Basically it is just some type of feedback so that you don't overload subsystems. One of the most common failure modes I see in load balanced systems is when one box goes down the others try to compensate for the additional load. But there is nothing that tells the system overall "hey there is less capacity now because we lost a box". So you overwhelm all the other boxes and then you get this crazy cascade of failures.

pdexter9y ago

http://ferd.ca/handling-overload.html

This is a good article about overload and back pressure. It also lists some tools in Erlang to solve these sorts of issues. It also mentions genstage (very) briefly.

SikulOP9y ago

This short book by Fred is also a great read about Erlang production systems in general https://www.erlang-in-anger.com/

user59944619y ago

Yes. You need to adapt the capacity of the system to handle the full load with -N- boxes dead.

Corollary: If you have 2 boxes, each of them has to be able to handle all the traffic, so you can't save money by using smaller boxes :D

Corollary #2: If you have 2 datacenters, each of them has to be able to handle all the traffic, so you burn a lot of money :D

xxpor9y ago

Or just the ability to tell your clients to back off.

Hopefully your clients retry server errors with exponential backoff, if you lose a datacenter you can send half of the requests 503 until you're back at a manageable load.

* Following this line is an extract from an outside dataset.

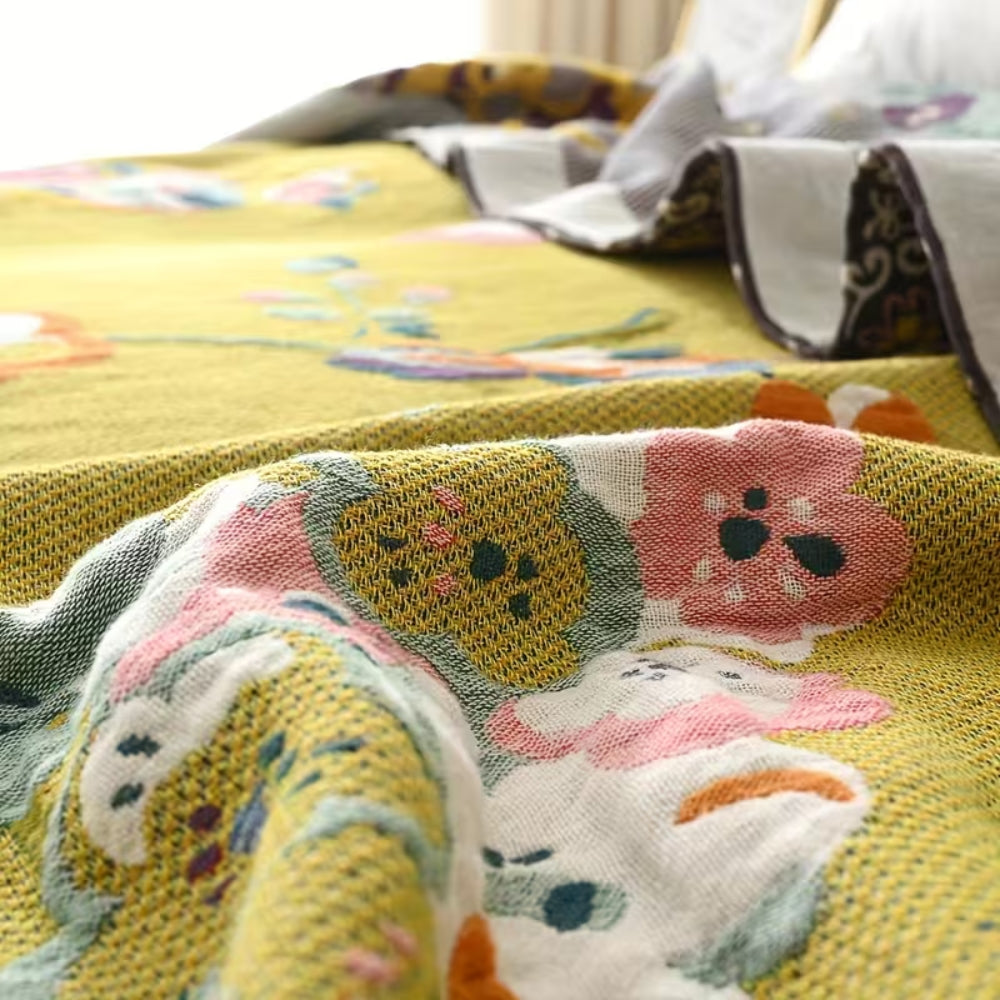 Baumwolldecke | Blumenmuster, Jacquard-Gewebe 4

Hopefully detecting the load/generating the 503 is really cheap.

1 more reply

rahimnathwani9y ago

Instead of 2 boxes that can handle all your load, why not 4 that can each handle 1/3rd of the load?

2 more replies

nurettin9y ago

Backpressure is more common than water across engineering disciplines and it isn't an integrated part of every distributed system out there? Isn't that a bit of an oversight?

phamilton9y ago

Well, it is a core part of TCP.

It's also part of http in a lot of ways. Browsers can make N simultaneous connections to a server. If those requests get queued up on the server side, then the client won't proceed with a new request until one finishes.

The pattern I see all to frequently is asynchronous worker queues. Those can very easily undermine backpressure. The rise of Ruby/Python and their limited concurrency models has placed a taboo on synchronous operations. However, synchronicity natural lends itself to backpressure.

erikbern9y ago· 7 in thread

"requests per minute" is such a useless unit of measurement. Please always quote request rates per second (i.e. Hz).

Makes me think of the Abraham Simpson quote: "My car gets 40 rods to the hogshead and that's the way I likes it!"

ipozgaj9y ago

Not sure why are you getting downvoted, I came here to make the same comment.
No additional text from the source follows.